I can’t be telling you that as it’s too much of a spoiler for the book! haha.

You feel a kinship with a modern-day hermit you’re introduced to, who lives in the forest, but ultimately decide that ‘opting out’ of society isn’t for you. What was it that kept you hooked in to the city? And does the idea of going off-grid ever appeal? 

The man who lived in Epping Forest had made an overwhelming existential and partly unconscious decision to leave the modern world because he wanted to leave life itself, not sit in a yurt smugly whittling spoons and then writing a column about it. The trouble with going off-grid is often a statement of privilege. To be able to remove yourself from society as the bearded self help whoppers do is a statement that seems to speak of superiority to everyone left back in the modern world. Not everyone can do it. I certainly couldn’t.
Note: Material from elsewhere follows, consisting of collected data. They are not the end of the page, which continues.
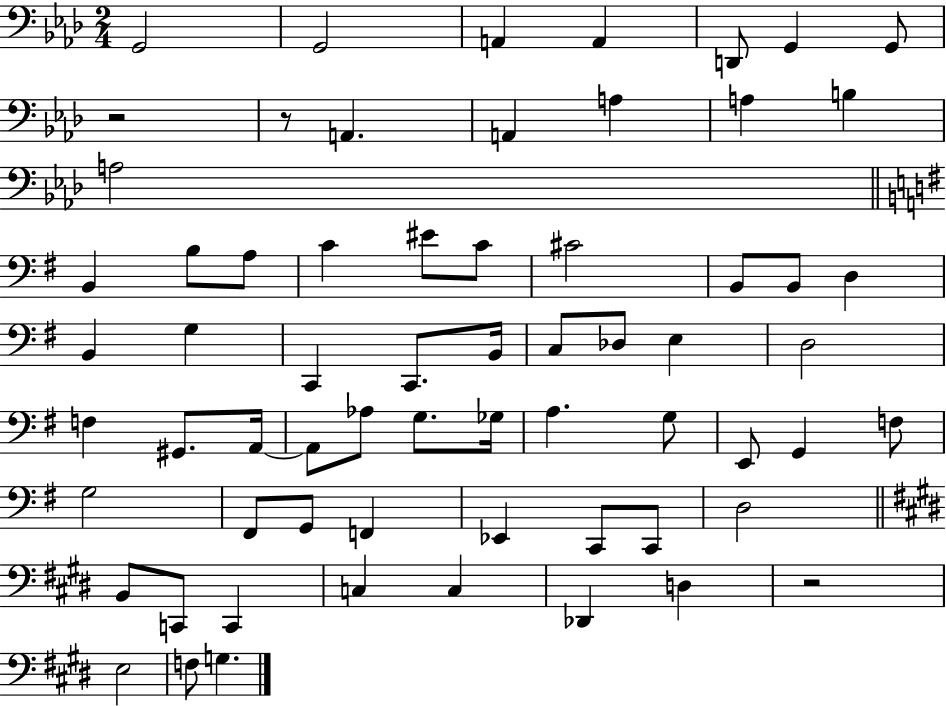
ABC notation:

X:1
T:Untitled
M:2/4
L:1/4
K:Ab
G,,2 G,,2 A,, A,, D,,/2 G,, G,,/2 z2 z/2 A,, A,, A, A, B, A,2 B,, B,/2 A,/2 C ^E/2 C/2 ^C2 B,,/2 B,,/2 D, B,, G, C,, C,,/2 B,,/4 C,/2 _D,/2 E, D,2 F, ^G,,/2 A,,/4 A,,/2 _A,/2 G,/2 _G,/4 A, G,/2 E,,/2 G,, F,/2 G,2 ^F,,/2 G,,/2 F,, _E,, C,,/2 C,,/2 D,2 B,,/2 C,,/2 C,, C, C, _D,, D, z2 E,2 F,/2 G,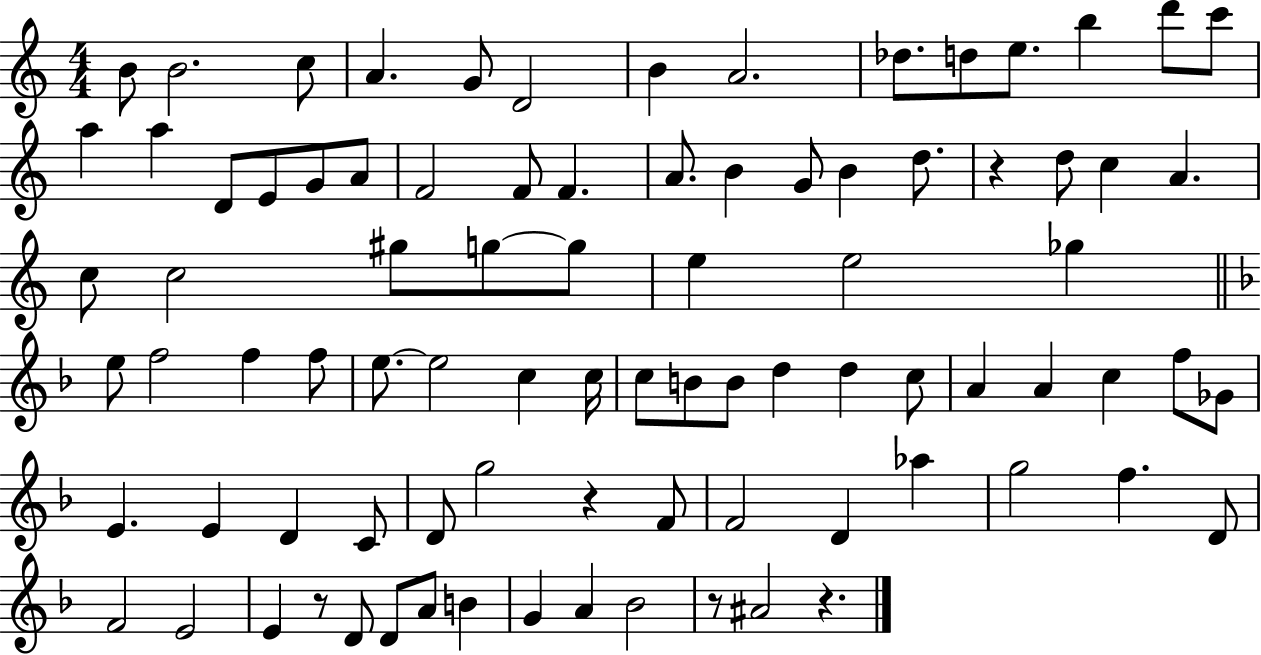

I don’t think that makes what I was going through then in terms of depression any less real, just that I knew I had to be in the city and confronting my past in able to get through it.

Towards the end of Out of the Woods, you mention ‘the failure of the supposedly infallible nature cure’. Do you feel like modern culture encourages us to have unrealistic expectations of nature as a tool to cure the broken?

Absolutely. If I have one disappointment in the year since Out of the Woods was published it’s that it hasn’t opened up more of a debate that seeks to question the Nature Wellness Industry. I still see endless waffle about Forest Bathing and so on – fine if it works for you, terrible if it doesn’t. The excellent writer Eleanor Morgan told me about a psychological condition called the Tyranny Of Should – if something should make you better, like going for a walk in nature, and doesn’t, then you might double down on the self-loathing and sense that you are truly a broken person. I was definitely subject to the Tyranny of Should in Epping Forest. I think the complexity of the relationship between the natural world and mental health continues to be ignored, and that is a problem. At an event I did earlier this year a woman approached me afterwards and said that she struggles with mental health issues and her friends always tell her to go for a walk in the local woods. She says she’ll go there but as she approaches the looming trees she just wilts: “me, against all that? I can’t do it”. We need more discussion of the natural world in the context of people who feel like that, or who are physically unable to get into nature due to mobility issues, or are from BAME backgrounds and feel the British countryside isn’t for them. Nature is complex, at times beautiful at others terrifying, and so is our relationship with it, as part of it. I really hope we continue to interrogate that in coming years and given the climate crisis and ecological collapse that feels like a vital thing to do.

Luke Turner‘s critically-acclaimed memoir Out of the Woods, a reflection on sexuality, masculinity and the relationship between humans and ‘nature’ is his first book. Out Of The Woods was shortlisted for the 2019 Wainwright Prize for nature writing, longlisted for the Polari Prize for first book by an LGBT+ writer, and Turner has been selected by Val McDiarmid as one of 10 most important LGBT+ writers for a British Council and National Centre for Writing initiative. In 2020 Turner co-curated a programme of arts events celebrating the landscape and people of Epping Forest as part of Waltham Forest’s stint as the first London Borough of Culture. He is co-founder and editor of The Quietus and writes for a variety of publications.